We know the punchline gifts like plaques with singing fish or the clutter-monsters like asparagus steamers. But bad spending also encompasses the well-meant black turtleneck that will be shelved alongside the three that the recipient owns.

Waldfogel sounds utterly reasonable about sounding Scroogey. He's not against giving, "just against bad giving." He knows that giving and getting can indeed bring joy.

"The dilemma is that if that joy can only be produced by giving in the traditional way of shopping secretly and surprising someone, then we are really stuck with bad resource allocation," he said.

"It's not as though stopping the practice of gift-giving would solve the problem, because then we'd lose the good stuff of meaning and sentiment."

Waldfogel sees two encouraging developments growing in popularity over the past 20 years: gift cards and charitable donations.

"There's been a huge shift over to gift cards," he said. In 2013, more than 80 percent of holiday shoppers said they planned to buy at least one, according to the National Retail Federation, which also noted that 60 percent of shoppers said they wanted gift cards, making them the most requested gift item for eight years.

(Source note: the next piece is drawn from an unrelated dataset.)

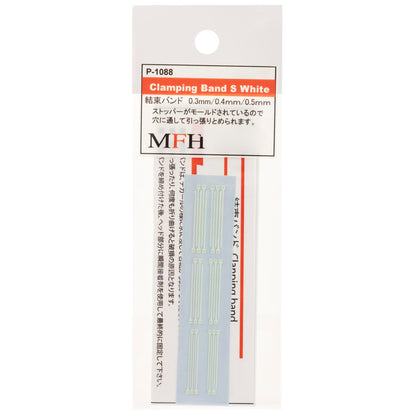 Model Factory Hiro 1/20 Scale Model Parts White S Size 30 Pack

"People are trying to preserve value in the sense of stuff that the recipient would want," Waldfogel said.

The other trend is more charitable giving in someone's name, Waldfogel said, especially when you feel obliged to give something to a person who needs nothing.

"The question becomes, 'What might I do for you?' and you could give them a bottle of wine, sure, but how about a gift to someone who really is in need, in your name?"

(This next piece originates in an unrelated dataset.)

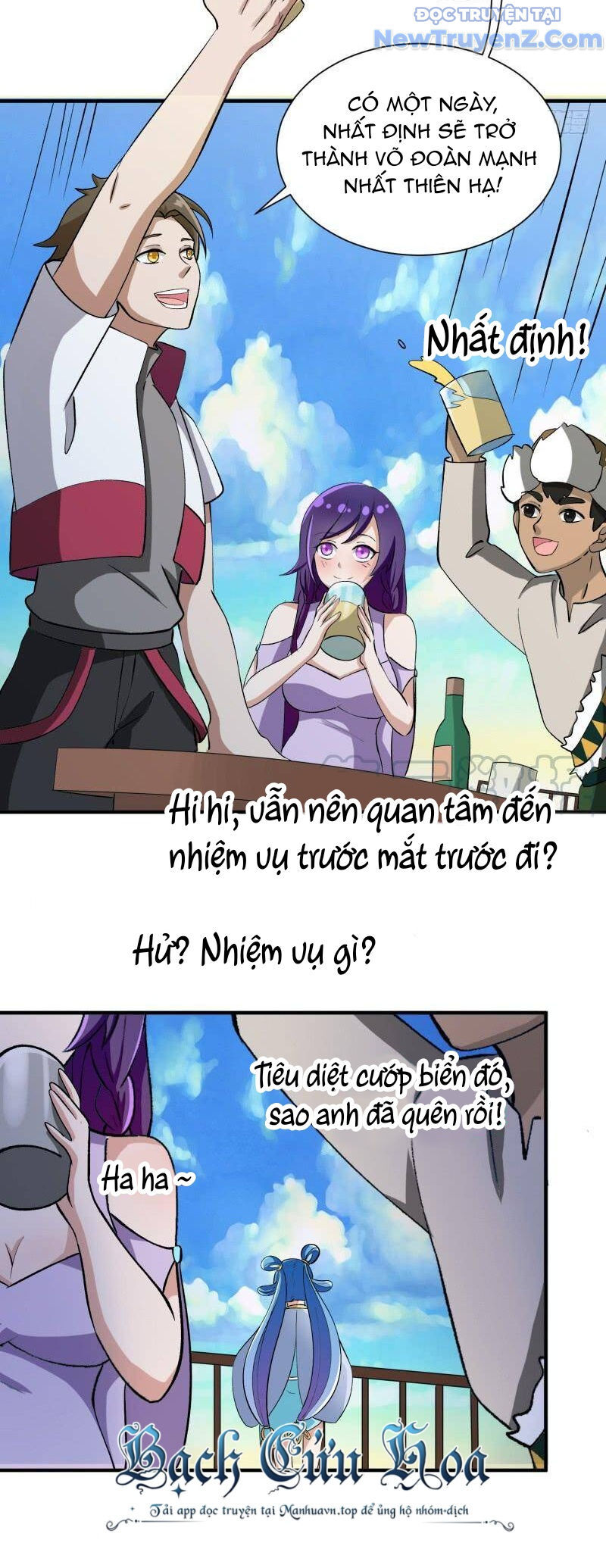 Game Thủ Có Bàn Tay Vàng Mạnh Nhất - Chapter 28 - Page 7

Waldfogel said he isn't advocating any approach, but merely observing how people are changing the gift-giving ritual. "I think they're responses to people saying, 'Gosh, we really are spending a lot, and are we actually getting something for it?' "

Still, give a gift

The National Retail Federation reported that in 2013, holiday celebrants spent an average of $730 on gifts, food, decorations and more, with more than nine in 10 Americans celebrating Christmas, Kwanzaa or Hanukkah.

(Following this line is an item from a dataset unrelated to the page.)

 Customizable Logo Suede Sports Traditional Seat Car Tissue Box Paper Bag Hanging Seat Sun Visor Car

But some psychologists say that the temptation to stop exchanging gifts with loved ones is a bad idea, because it denies people the chance to make a connection.

"That doesn't do a service to the relationship," Harvard psychology Prof. Ellen Langer told the New York Times. "If I don't let you give me a gift, then I'm not encouraging you to think about me and think about things I like. I am preventing you from experiencing the joy of engaging in all those activities."

One growing trend is giving gifts of experiences, still a relatively novel idea in the U.S. compared with the United Kingdom and Australia, which have companies built around offering "do it" experiences. (Think: day with a chef, race car driver, golf pro, etc.)

Of course, experiential gifts also can be offerings of companionship, activity or time. (Think: lessons on knitting, playing guitar, ironing shirts.)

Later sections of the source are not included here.